| Problem |
Set down exactly the lines from the one containing "Nhẫn Hình Nơ" through the last line of the data below, and no others.

[Source records]

──────────────────────────────

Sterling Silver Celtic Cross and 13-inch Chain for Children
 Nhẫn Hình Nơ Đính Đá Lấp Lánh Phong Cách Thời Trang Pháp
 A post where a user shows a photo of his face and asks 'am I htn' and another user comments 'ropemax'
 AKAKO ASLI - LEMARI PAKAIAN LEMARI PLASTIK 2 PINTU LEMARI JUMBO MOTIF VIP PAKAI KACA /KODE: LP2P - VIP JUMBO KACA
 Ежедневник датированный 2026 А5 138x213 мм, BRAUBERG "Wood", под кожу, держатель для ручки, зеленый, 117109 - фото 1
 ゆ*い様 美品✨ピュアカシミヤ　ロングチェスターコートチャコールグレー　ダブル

──────────────────────────────

| Answer for this exercise |
 Nhẫn Hình Nơ Đính Đá Lấp Lánh Phong Cách Thời Trang Pháp
 A post where a user shows a photo of his face and asks 'am I htn' and another user comments 'ropemax'
 AKAKO ASLI - LEMARI PAKAIAN LEMARI PLASTIK 2 PINTU LEMARI JUMBO MOTIF VIP PAKAI KACA /KODE: LP2P - VIP JUMBO KACA
 Ежедневник датированный 2026 А5 138x213 мм, BRAUBERG "Wood", под кожу, держатель для ручки, зеленый, 117109 - фото 1
 ゆ*い様 美品✨ピュアカシミヤ　ロングチェスターコートチャコールグレー　ダブル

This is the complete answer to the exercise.